East Asian people (East Asians) is a racial classification specifier, used for people descended from the East Asian region, which is usually described to consist of Mainland China, Taiwan, Japan, Hong Kong, Mongolia, North Korea, and South Korea.[1] In Singapore, East Asians make up the majority of the population, at almost 80%.[2] The total population of all countries within this region is estimated to be 1.677 billion and 21% of the world's population in 2020.[3][a] However, large East Asian diasporas, such as the Chinese diaspora, Japanese diaspora, Korean diaspora, Mongol diaspora and the Singaporean diaspora, as well as diasporas of other East Asian ethnic groups, mean that the 1.677 billion does not necessarily represent an accurate figure for the numbers of East Asian people worldwide.[4]

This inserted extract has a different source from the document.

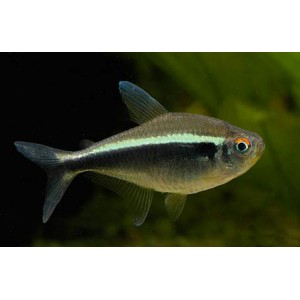 NEONKA ČERN&Aacute; - Hyphessobrycon herbertaxelrodi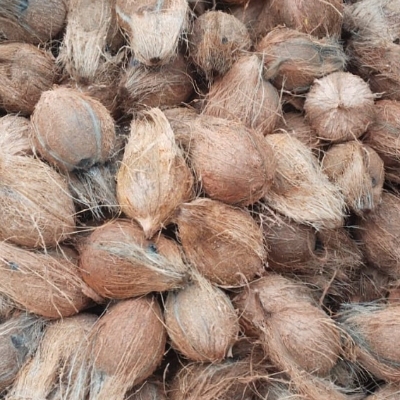 Semi Husked Coconut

The major ethnic groups[b] that form the core of East Asia are the Han, Korean and Yamato.[6] Genealogical research has indicated extremely similar genetic profiles of a less than 1% total variation in spectrum between these three groups.[7] Other ethnic groups of East Asia include: the Ainu, Bai, Hui, Manchus, Mongols, Ryukyuan, Tibetans, Uyghurs and Zhuang.[8][9] Mostly all Southeast Asian populations such as the Austronesians are genetically related to East Asians, adding on to the close cultural and religious similarities.[10]

Culture[edit]

The language families of Asia

The major East Asian language families are the Sinitic, Japonic, and Koreanic families.[11][12][13][14] Other language families include the Tibeto-Burman, Ainu languages, Mongolic, Tungusic, Turkic, Miao–Yao, Tai–Kadai, Austronesian and Mon–Khmer.[15]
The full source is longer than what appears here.